Die Prüfung sollte nachweisen, dass wichtige Account-Szenarien nach der Migration weiterhin funktionieren: wiederkehrende Kunden werden erkannt, Adressen sind nutzbar, B2B-/Wholesale-Beziehungen korrekt dargestellt, Einwilligungsstatus sorgfältig interpretiert und externe Kennungen bleiben dort verbunden, wo das Geschäft sie benötigt. Wenn Funktion von benutzerdefinierten Feldern, Segmentregeln, Unternehmensstrukturen oder externen IDs abhängt, muss geklärt werden, ob direkte Zuordnung ausreicht oder Transformation, Zielkonfiguration oder individuelle Migrationsplanung erforderlich ist.
Häufige Fragen
Ist die Migration des Kundenprofils dasselbe wie das Bewahren des Kundenzugangs?
Nein. Kundenprofile und Authentifizierung sind getrennte Ebenen. Namen, E-Mail-Adressen, Telefonnummern und Adressen können migrieren, während Passwörter, Aktivierungsstatus oder erster Login den Sicherheitsregeln der Zielplattform folgen müssen.
Warum können Kundengruppen oder Tags migrieren und trotzdem anders funktionieren?
Gruppe oder Tag sind häufig nur Klassifizierungen. Preise, Katalogsichtbarkeit, Steuerbehandlung, Aktionen und B2B-Zugang können von getrennten Plattformregeln, Preislisten, Apps, Plugins, Modulen oder externen Systemen gesteuert werden.

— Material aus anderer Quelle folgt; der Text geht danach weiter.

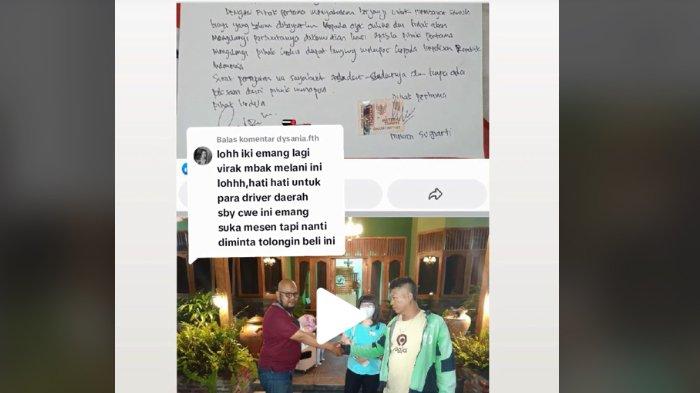 Viral modus seorang cewek di Yogyakarta pesan barang online tapi tak punya uang hingga minta driver ojol membayarinya. Cewek bernama Melani itu kabarnya sering menipu driver ojol hingga di berbagai kota. Endingnya Melani membuat perjanjian tidak menipu driver ojol lagi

Was ist der Unterschied zwischen gespeicherter und dynamischer Segmentierung?
Gespeicherte Segmentierung liegt als Gruppe, Tag, Stufe oder Feld direkt am Kundendatensatz. Dynamische Segmentierung wird aus Regeln wie Bestellhistorie, Umsatz, Standort, gekauften Produkten oder Marketingverhalten berechnet. Solche Regeln müssen möglicherweise neu aufgebaut werden, statt nur eine statische Mitgliedschaft zu importieren.
Warum sind externe Kunden-IDs wichtig?
Sie verbinden Kundendaten mit ERP, CRM, POS, Loyalty-, Subscription-, Marketing-, Steuer- und Support-Systemen. Gehen diese IDs verloren oder ändern sie sich ungeplant, können angeschlossene Systeme Kunden nach der Migration nicht mehr zuverlässig zuordnen.
Welche Kundendatensätze sollten zuerst validiert werden?
Priorität haben Kunden mit operativer Bedeutung: wiederkehrende Käufer, Accounts mit mehreren Adressen, Wholesale-/B2B-Kunden, steuerbefreite Kunden, Marketing-Abonnenten, Kunden mit externen IDs und Accounts mit Loyalty-, Abonnement-, Mitgliedschafts- oder Freigabeprozessen.